Sur l'État de droit :
- renforcer l’indépendance de la justice : consacrer dans le titre VIII de la Constitution l’existence non d’une « autorité » judiciaire, mais d’un « pouvoir» judiciaire, consacrer l’indépendance et l’impartialité de la justice dans le titre VIII de la Constitution en faisant du Conseil supérieur de la magistrature le garant de cette indépendance en lieu et place du Président de la République, accroître l’indépendance du parquet en rompant le lien de subordination hiérarchique qui le soumet au garde des Sceaux et en conditionnant les nominations qu’il propose à un avis conforme et non plus simple du Conseil supérieur de la magistrature, réviser la composition du Conseil supérieur de la magistrature afin qu’il compte autant de magistrats que de personnalités qualifiées, réviser le mode de désignation du Conseil supérieur de la magistrature en conditionnant la nomination des personnalités qualifiées à l’obtention d’une majorité positive des 3/5 dans les commissions compétentes de chacune des deux assemblées, étendre les pouvoirs de nomination du Conseil supérieur de la magistrature à l’ensemble des magistrats du siège et lui confier des pouvoirs d’inspection et permettre la publication, au sein du Conseil supérieur de la magistrature, des opinions dissidentes ;
- étudier la proposition tendant à la création d’un véritable ordre des juridictions sociales ;
- moderniser le Conseil constitutionnel : conditionner la nomination des membres du Conseil constitutionnel à l’obtention d’une majorité positive des 3/5 dans chacune des commissions parlementaires compétentes, mettre un terme à la présence de droit, au sein du Conseil constitutionnel, des anciens Présidents de la République, prendre acte de l’évolution du rôle du Conseil constitutionnel en modifiant sa dénomination et en consacrant ainsi l’existence, en France, d’une véritable « Cour constitutionnelle » et permettre la publication d’opinions dissidentes dans le cadre des travaux du Conseil constitutionnel.

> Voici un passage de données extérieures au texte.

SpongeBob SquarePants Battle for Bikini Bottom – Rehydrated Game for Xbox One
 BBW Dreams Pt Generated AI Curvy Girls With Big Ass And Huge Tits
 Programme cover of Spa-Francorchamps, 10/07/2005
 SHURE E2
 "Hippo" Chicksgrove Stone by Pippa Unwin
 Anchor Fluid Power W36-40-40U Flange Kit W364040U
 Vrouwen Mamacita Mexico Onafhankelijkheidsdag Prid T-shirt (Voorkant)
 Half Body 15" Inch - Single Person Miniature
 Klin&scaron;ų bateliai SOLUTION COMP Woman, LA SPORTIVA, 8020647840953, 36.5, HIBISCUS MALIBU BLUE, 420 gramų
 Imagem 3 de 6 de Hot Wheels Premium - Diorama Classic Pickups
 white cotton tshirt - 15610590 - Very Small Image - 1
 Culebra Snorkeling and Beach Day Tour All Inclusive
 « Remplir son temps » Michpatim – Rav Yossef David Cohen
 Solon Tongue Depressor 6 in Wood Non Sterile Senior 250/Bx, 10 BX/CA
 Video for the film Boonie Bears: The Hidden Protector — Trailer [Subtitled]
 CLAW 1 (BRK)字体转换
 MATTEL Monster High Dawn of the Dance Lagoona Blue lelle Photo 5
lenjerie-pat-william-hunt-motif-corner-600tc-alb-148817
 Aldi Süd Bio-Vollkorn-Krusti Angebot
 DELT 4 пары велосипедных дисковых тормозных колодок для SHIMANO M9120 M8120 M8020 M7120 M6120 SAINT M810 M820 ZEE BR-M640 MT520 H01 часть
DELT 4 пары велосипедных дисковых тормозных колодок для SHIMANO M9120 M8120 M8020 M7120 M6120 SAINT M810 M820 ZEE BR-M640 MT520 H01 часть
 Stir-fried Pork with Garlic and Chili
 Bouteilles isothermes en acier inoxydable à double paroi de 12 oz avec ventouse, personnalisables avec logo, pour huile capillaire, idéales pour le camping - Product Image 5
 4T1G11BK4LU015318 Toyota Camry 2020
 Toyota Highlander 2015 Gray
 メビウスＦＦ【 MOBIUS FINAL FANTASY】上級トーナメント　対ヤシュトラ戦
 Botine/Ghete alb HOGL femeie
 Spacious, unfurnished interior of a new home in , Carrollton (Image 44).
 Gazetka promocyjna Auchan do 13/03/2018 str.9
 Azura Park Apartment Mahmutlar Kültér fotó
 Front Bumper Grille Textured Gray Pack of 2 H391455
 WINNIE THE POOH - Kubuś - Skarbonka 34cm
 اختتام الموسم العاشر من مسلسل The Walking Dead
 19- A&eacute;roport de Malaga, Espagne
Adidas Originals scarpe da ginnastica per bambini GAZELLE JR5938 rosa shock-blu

Contributions personnelles
Les membres du groupe de travail furent invités s’ils le souhaitaient à rédiger des « contributions personnelles » qui furent incluses dans le rapport. Certaines se présentent comme une analyse globale des institutions, d’autres se concentrent sur des points plus précis, abordés par le groupe de travail ou en lien avec les travaux de celui-ci.
Colloque
Les 6 et , un colloque intitulé « Refaire la démocratie » est organisé pour revenir sur les thèmes du rapport. Le président de la République François Hollande insiste sur le non cumul des mandats dans le temps, et une plus grande rapidité de la procédure législative. Il se montre réservé sur la question du référendum[25].